• Directions for this task:
What you need to produce from the material below is an exact transcription of the lines from the one with "Spazzolina 3 file" through the one with "BodyTrain S600 Motorised", both included, and no other line.
------------------------------------------------------------
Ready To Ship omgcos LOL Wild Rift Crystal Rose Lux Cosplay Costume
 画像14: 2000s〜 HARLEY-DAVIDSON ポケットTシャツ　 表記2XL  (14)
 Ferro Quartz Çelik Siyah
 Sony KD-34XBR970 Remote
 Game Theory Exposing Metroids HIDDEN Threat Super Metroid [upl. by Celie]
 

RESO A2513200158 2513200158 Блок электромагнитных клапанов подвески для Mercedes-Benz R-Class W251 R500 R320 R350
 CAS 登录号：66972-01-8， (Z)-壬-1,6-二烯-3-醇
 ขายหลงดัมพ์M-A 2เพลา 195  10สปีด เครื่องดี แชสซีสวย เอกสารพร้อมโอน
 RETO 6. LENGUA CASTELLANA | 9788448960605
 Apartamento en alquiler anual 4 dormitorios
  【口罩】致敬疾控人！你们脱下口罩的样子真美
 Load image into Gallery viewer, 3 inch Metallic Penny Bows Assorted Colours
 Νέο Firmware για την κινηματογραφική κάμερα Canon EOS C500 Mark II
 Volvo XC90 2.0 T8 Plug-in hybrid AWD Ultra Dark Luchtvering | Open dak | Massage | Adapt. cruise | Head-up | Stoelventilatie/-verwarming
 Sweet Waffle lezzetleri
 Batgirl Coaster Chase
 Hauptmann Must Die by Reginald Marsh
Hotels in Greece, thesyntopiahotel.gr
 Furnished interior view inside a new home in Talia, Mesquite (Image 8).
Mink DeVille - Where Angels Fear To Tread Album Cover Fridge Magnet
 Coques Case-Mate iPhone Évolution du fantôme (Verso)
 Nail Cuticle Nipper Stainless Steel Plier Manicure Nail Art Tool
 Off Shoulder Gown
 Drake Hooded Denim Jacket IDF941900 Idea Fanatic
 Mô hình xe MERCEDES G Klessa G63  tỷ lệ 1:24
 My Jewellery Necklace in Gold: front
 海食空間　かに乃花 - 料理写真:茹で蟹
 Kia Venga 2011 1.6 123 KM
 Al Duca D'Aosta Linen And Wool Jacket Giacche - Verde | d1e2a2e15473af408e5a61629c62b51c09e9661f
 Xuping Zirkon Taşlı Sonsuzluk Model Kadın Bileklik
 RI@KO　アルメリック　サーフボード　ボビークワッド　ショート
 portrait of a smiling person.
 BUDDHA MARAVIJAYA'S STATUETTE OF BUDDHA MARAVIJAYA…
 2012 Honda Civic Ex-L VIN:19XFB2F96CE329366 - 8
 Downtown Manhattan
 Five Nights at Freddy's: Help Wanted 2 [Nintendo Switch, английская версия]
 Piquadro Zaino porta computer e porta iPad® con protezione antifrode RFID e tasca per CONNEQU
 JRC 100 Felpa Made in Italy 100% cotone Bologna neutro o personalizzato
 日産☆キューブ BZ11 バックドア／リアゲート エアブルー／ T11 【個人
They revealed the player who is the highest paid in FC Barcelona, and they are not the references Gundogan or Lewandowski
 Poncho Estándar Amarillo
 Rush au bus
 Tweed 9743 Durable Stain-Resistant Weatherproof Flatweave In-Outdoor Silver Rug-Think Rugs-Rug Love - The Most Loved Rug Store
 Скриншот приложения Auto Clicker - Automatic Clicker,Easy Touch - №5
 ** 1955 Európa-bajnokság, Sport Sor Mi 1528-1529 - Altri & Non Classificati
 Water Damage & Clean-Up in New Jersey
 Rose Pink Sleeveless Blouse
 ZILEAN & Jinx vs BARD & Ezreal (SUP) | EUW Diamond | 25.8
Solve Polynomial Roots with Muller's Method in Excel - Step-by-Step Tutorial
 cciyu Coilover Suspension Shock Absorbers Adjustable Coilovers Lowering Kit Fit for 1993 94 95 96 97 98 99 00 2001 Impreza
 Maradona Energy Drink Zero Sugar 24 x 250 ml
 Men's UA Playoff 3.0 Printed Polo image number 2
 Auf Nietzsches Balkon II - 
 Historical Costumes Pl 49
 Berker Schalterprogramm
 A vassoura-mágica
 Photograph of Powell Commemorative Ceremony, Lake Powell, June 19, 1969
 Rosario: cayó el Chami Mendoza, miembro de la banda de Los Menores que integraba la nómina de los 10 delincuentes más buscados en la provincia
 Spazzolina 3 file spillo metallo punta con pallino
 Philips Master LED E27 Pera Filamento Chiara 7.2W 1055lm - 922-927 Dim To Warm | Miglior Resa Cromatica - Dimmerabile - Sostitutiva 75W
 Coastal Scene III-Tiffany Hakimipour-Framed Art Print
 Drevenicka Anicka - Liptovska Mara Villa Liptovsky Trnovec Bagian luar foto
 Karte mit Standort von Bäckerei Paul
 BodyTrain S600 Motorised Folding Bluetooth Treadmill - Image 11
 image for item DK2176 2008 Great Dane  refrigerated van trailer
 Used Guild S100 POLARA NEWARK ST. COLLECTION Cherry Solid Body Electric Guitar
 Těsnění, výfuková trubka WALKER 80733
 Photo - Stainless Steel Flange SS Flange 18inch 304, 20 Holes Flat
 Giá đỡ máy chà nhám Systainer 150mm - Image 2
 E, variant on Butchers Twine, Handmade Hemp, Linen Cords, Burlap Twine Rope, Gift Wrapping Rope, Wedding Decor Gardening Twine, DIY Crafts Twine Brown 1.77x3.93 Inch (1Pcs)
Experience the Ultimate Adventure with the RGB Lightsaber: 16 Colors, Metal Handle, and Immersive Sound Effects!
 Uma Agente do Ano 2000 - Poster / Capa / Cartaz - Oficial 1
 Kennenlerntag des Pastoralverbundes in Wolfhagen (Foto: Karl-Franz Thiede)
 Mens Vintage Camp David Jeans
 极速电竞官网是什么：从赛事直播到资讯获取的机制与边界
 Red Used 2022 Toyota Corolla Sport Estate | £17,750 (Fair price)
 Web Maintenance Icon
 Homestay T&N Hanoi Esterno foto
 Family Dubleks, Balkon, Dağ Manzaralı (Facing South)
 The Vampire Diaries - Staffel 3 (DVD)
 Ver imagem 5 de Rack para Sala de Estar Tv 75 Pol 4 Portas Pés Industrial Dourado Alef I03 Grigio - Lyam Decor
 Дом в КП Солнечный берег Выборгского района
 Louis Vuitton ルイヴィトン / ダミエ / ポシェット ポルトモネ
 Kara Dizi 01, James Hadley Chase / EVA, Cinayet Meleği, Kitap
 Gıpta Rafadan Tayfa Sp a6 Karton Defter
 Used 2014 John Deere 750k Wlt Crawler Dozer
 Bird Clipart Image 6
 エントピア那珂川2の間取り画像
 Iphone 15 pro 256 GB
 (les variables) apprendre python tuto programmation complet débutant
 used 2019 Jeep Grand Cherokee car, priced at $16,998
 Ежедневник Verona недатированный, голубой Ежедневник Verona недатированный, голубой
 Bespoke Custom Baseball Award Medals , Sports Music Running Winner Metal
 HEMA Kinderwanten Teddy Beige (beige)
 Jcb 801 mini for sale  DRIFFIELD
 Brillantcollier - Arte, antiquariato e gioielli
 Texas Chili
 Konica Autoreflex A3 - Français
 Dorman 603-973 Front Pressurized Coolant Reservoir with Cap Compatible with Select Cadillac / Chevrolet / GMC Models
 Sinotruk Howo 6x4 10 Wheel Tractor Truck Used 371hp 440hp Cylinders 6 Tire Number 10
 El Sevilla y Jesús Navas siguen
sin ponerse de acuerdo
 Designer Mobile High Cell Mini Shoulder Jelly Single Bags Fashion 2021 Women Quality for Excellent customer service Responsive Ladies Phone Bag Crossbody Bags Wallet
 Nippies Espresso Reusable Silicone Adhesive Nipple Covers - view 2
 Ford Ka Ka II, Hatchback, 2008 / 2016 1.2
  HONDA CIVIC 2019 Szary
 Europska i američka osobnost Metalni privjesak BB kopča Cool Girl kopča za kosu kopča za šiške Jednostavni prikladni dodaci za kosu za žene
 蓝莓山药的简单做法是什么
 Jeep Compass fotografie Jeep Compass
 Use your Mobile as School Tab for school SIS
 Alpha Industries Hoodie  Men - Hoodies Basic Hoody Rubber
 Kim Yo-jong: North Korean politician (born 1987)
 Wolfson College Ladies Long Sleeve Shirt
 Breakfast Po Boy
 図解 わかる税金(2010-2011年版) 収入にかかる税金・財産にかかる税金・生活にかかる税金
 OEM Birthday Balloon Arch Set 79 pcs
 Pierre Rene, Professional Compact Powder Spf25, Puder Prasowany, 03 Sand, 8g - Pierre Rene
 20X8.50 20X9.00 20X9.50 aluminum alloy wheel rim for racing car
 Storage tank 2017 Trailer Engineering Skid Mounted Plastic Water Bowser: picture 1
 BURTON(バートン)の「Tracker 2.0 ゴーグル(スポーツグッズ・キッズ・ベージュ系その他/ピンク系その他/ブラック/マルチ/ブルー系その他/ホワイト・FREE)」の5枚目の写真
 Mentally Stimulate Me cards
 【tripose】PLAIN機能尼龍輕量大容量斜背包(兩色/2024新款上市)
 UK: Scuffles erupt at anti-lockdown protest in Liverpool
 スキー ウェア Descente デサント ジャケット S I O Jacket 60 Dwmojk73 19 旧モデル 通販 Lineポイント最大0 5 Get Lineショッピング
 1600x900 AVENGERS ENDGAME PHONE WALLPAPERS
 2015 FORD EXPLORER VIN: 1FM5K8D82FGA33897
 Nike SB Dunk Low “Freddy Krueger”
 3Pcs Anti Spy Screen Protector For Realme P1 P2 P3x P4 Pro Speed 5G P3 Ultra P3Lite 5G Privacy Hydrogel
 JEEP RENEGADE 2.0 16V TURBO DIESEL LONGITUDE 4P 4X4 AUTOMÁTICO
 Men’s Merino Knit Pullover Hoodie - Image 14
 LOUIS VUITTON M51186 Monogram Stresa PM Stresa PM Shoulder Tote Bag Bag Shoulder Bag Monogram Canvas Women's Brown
------------------------------------------------------------
• Exercise result:
 Spazzolina 3 file spillo metallo punta con pallino
 Philips Master LED E27 Pera Filamento Chiara 7.2W 1055lm - 922-927 Dim To Warm | Miglior Resa Cromatica - Dimmerabile - Sostitutiva 75W
 Coastal Scene III-Tiffany Hakimipour-Framed Art Print
 Drevenicka Anicka - Liptovska Mara Villa Liptovsky Trnovec Bagian luar foto
 Karte mit Standort von Bäckerei Paul
 BodyTrain S600 Motorised Folding Bluetooth Treadmill - Image 11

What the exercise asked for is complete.